Problem: Word for word, restate the listing; omit the pictures.

Data for this task:
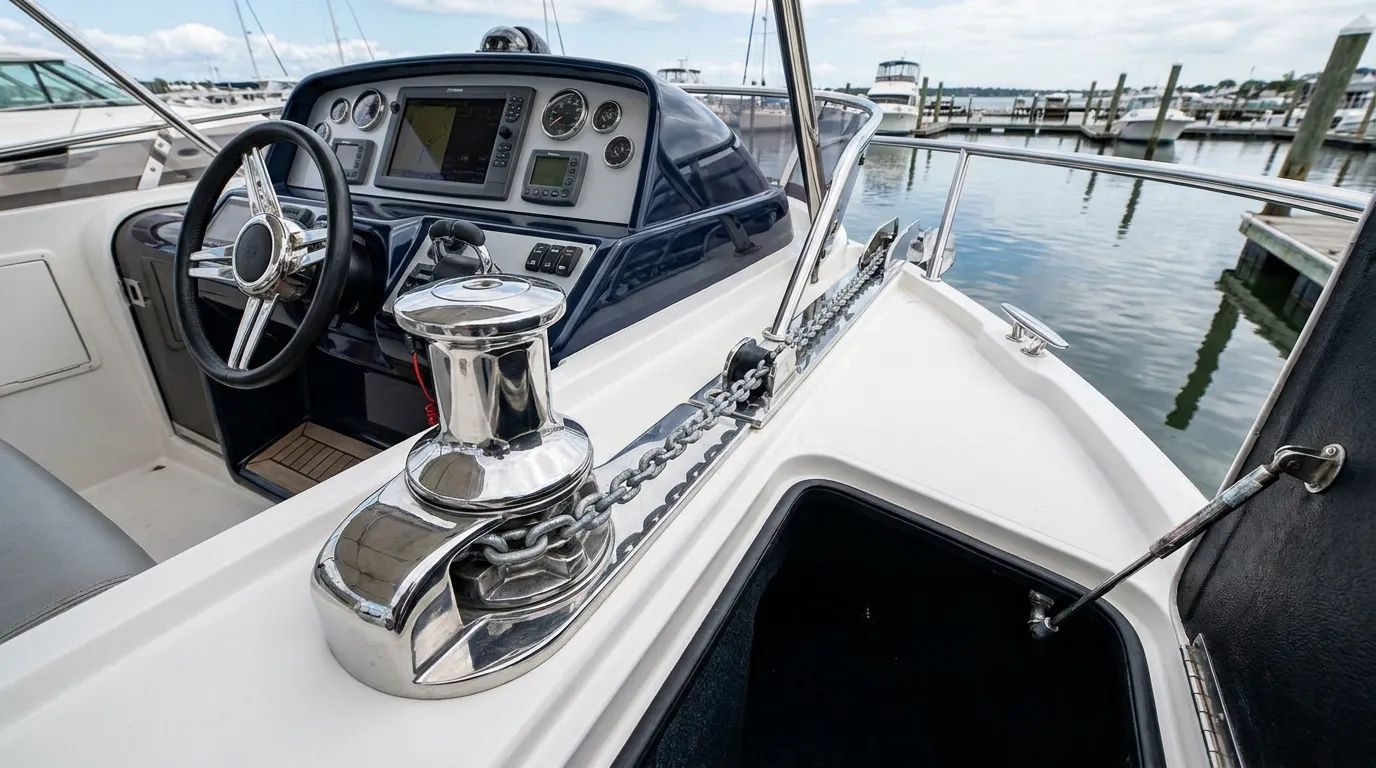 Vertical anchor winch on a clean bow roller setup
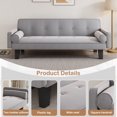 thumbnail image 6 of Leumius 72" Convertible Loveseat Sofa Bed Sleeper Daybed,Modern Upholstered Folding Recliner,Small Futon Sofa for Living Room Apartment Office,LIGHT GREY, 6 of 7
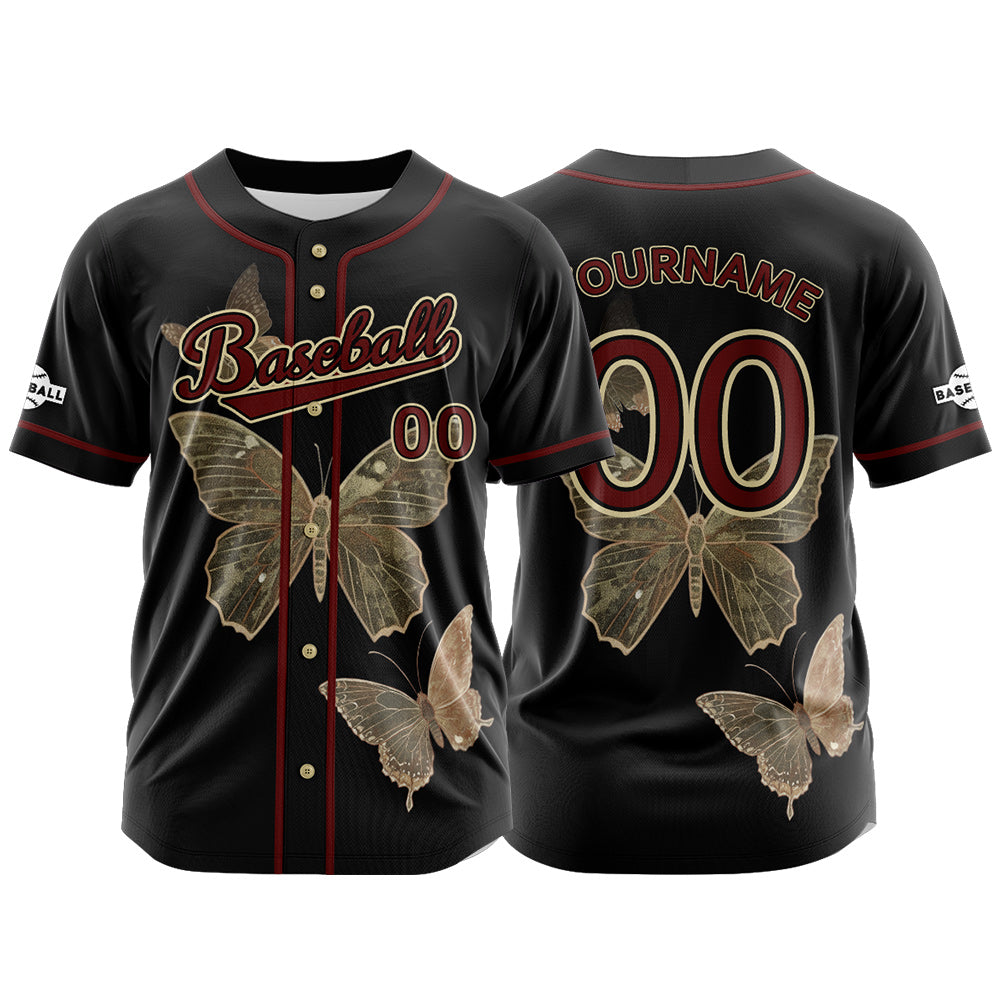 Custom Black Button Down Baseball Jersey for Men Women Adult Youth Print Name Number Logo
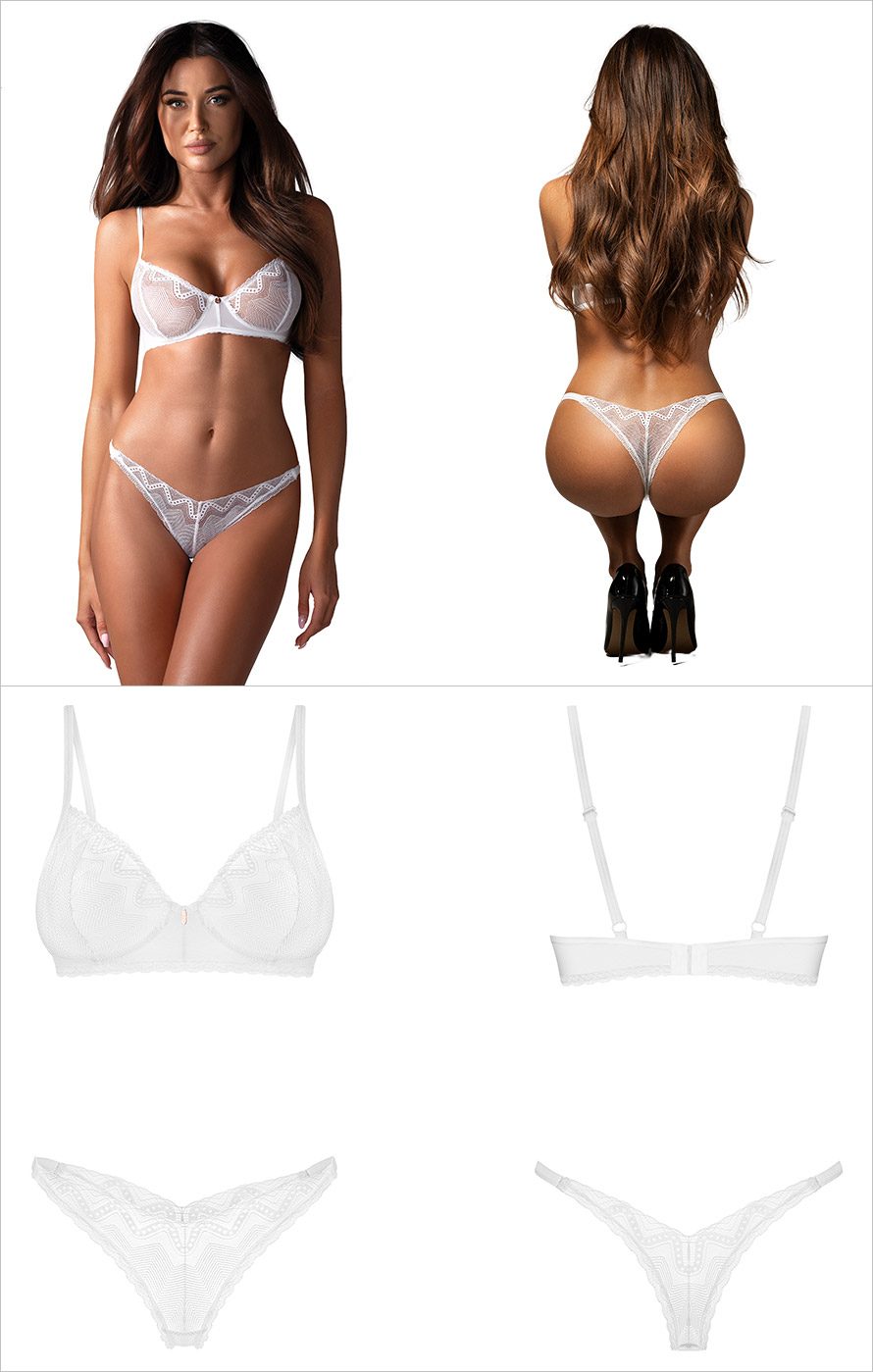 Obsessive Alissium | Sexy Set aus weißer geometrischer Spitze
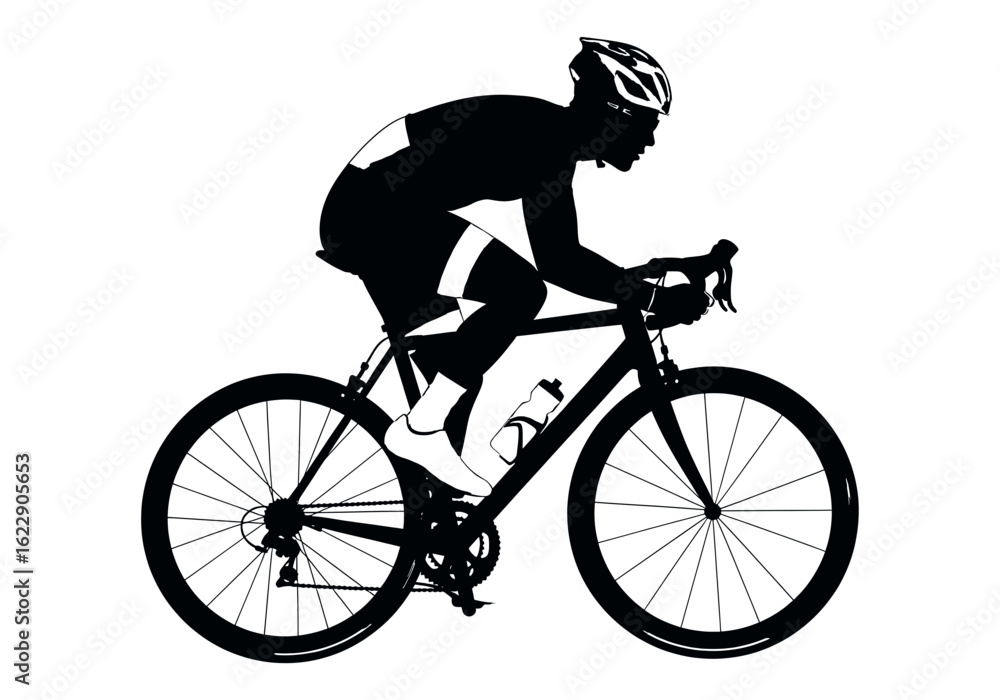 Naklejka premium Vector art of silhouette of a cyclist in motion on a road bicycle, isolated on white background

Result:
 Vertical anchor winch on a clean bow roller setup
 thumbnail image 6 of Leumius 72" Convertible Loveseat Sofa Bed Sleeper Daybed,Modern Upholstered Folding Recliner,Small Futon Sofa for Living Room Apartment Office,LIGHT GREY, 6 of 7
 Custom Black Button Down Baseball Jersey for Men Women Adult Youth Print Name Number Logo
 Obsessive Alissium | Sexy Set aus weißer geometrischer Spitze
 Naklejka premium Vector art of silhouette of a cyclist in motion on a road bicycle, isolated on white background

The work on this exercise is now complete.